• Aim of the exercise
Search the data below for the string "Charger". Extract every line that contains it.

• Extracted data
|---|
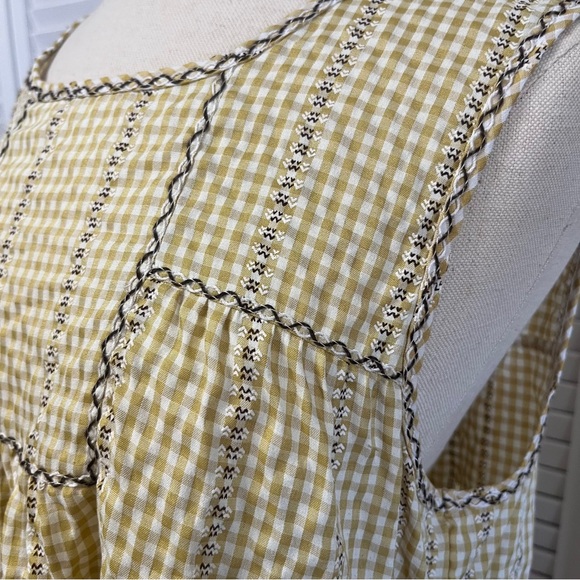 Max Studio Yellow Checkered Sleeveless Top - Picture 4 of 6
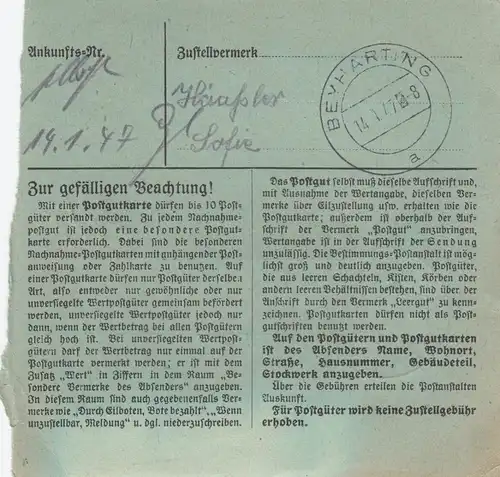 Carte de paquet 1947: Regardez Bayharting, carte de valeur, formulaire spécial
|---|
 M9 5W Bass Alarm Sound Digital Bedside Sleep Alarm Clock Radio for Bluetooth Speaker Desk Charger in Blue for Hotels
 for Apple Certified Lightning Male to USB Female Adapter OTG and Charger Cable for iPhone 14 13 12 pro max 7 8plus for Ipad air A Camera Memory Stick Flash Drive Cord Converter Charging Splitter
|---|
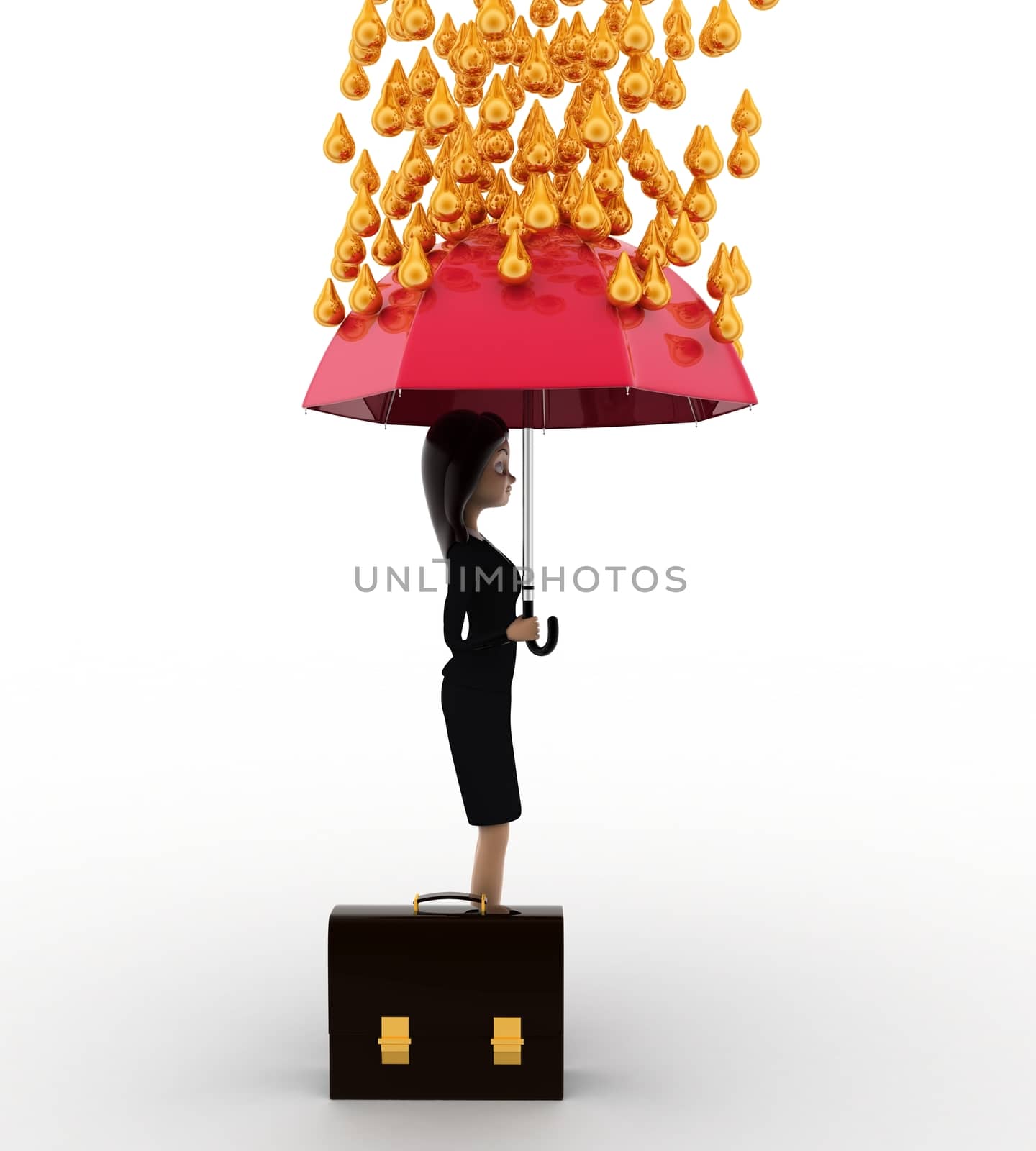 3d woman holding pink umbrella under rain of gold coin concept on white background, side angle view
|---|
• Result below
 M9 5W Bass Alarm Sound Digital Bedside Sleep Alarm Clock Radio for Bluetooth Speaker Desk Charger in Blue for Hotels
 for Apple Certified Lightning Male to USB Female Adapter OTG and Charger Cable for iPhone 14 13 12 pro max 7 8plus for Ipad air A Camera Memory Stick Flash Drive Cord Converter Charging Splitter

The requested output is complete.